=== Section Start ===

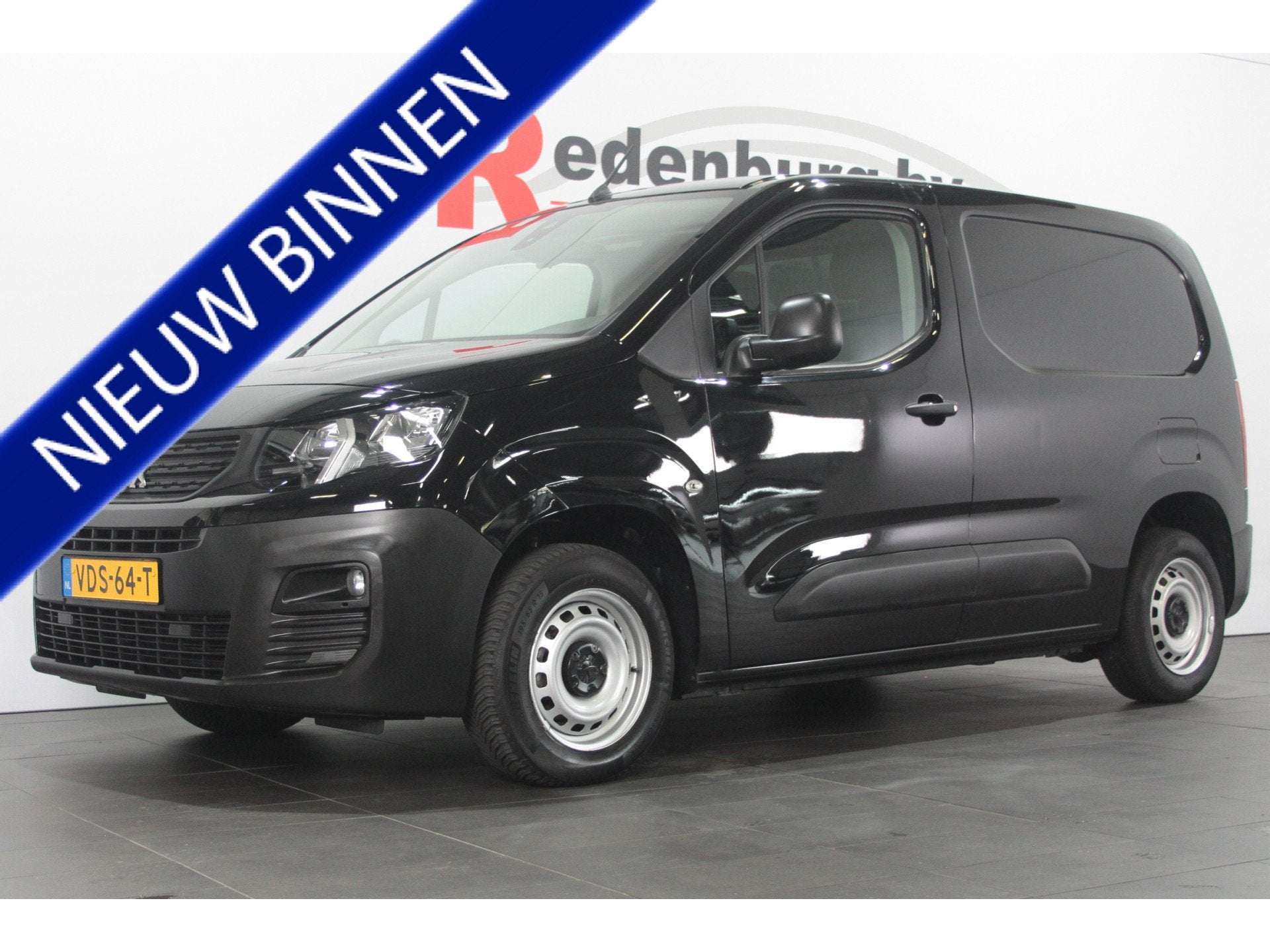 Peugeot Partner 1.5 BlueHDI Premium - CarPlay / Cruise / Air, Auto's, Voorwielaandrijving, Gebruikt, 4 cilinders, Zwart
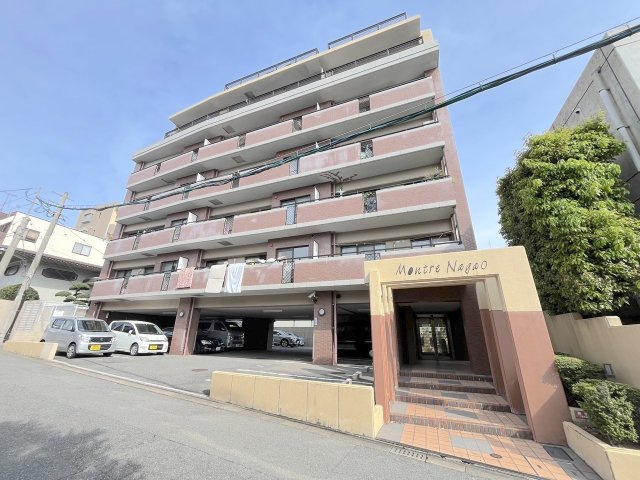 モントーレ長尾の外観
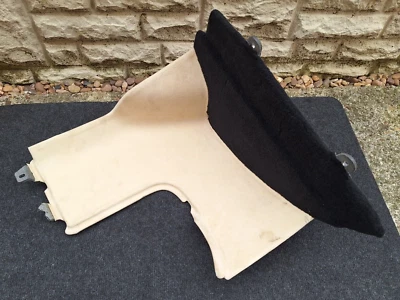 Tapicería interior Alcantara Crema 324119 Ferrari FF F151 2012 6262 cc V12 RHD Foto 1 de 4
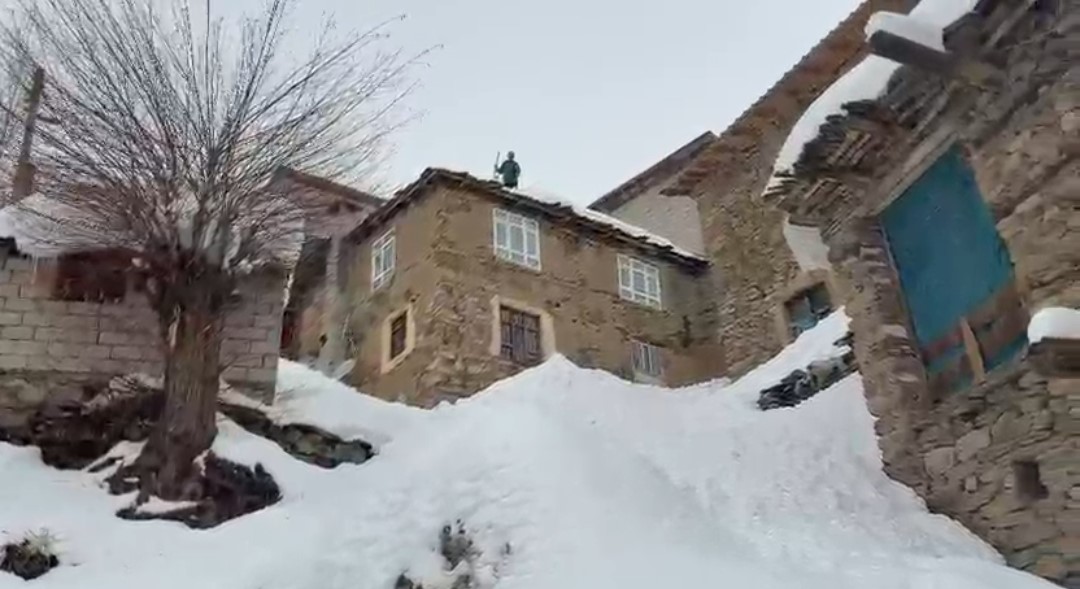 Van’da 78 yerleşim yerinin yolu kapalı
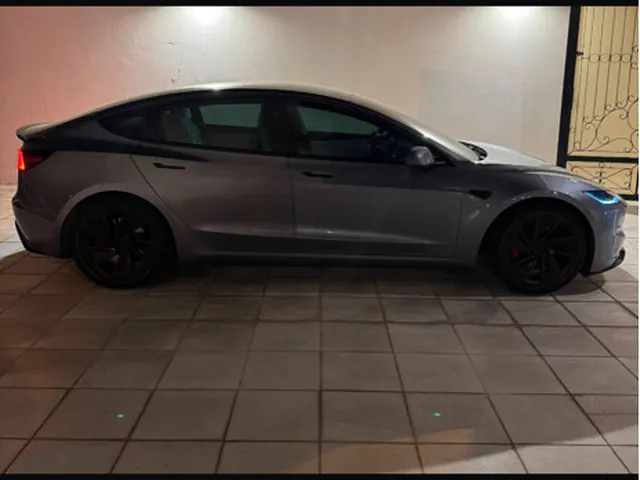 صورة 2025 تيسلا Model 3 بيرفورمانس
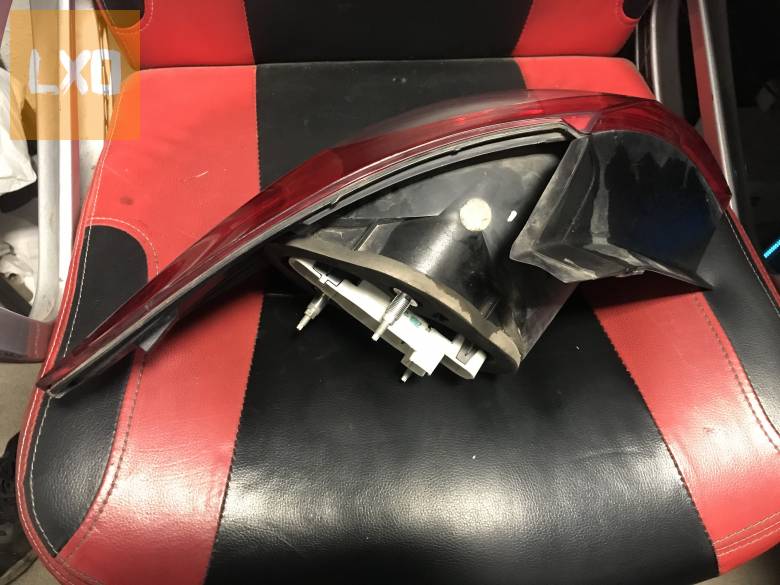 VW PASSAT CC  / jobb hátsó külső lámpa apróhirdetés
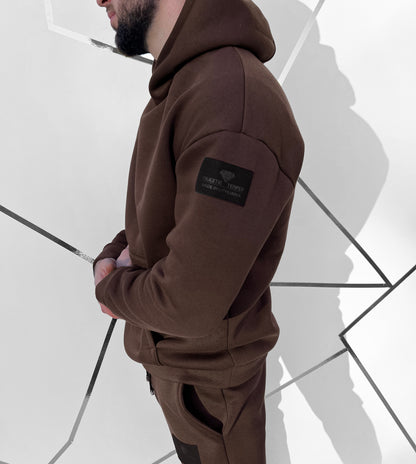 Šokoladinės spalvos medvilninis Oversize laisvalaikio kostiumas 'Sovarre'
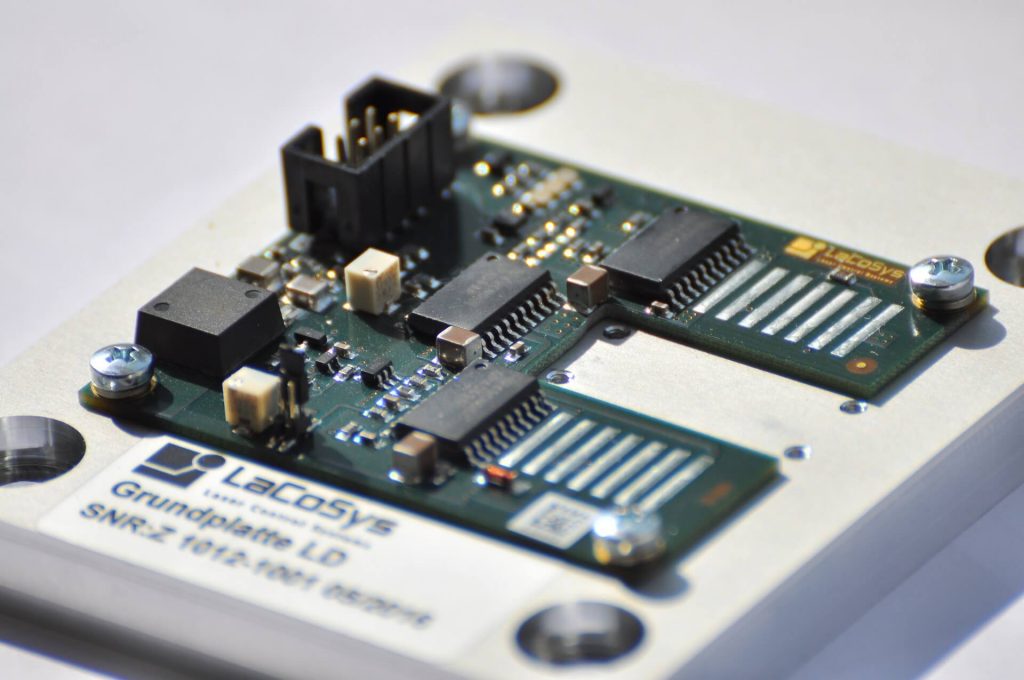CW Laserdioden-Treiber mit TEC Controller - SmartPower XS vorn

=== Section End ===

- [DIRECTIONS]: Give the entries again without a single change, but with no pictures.

- [TASK RESULT]:
 Peugeot Partner 1.5 BlueHDI Premium - CarPlay / Cruise / Air, Auto's, Voorwielaandrijving, Gebruikt, 4 cilinders, Zwart
 モントーレ長尾の外観
 Tapicería interior Alcantara Crema 324119 Ferrari FF F151 2012 6262 cc V12 RHD Foto 1 de 4
 Van’da 78 yerleşim yerinin yolu kapalı
 صورة 2025 تيسلا Model 3 بيرفورمانس
 VW PASSAT CC  / jobb hátsó külső lámpa apróhirdetés
 Šokoladinės spalvos medvilninis Oversize laisvalaikio kostiumas 'Sovarre'
CW Laserdioden-Treiber mit TEC Controller - SmartPower XS vorn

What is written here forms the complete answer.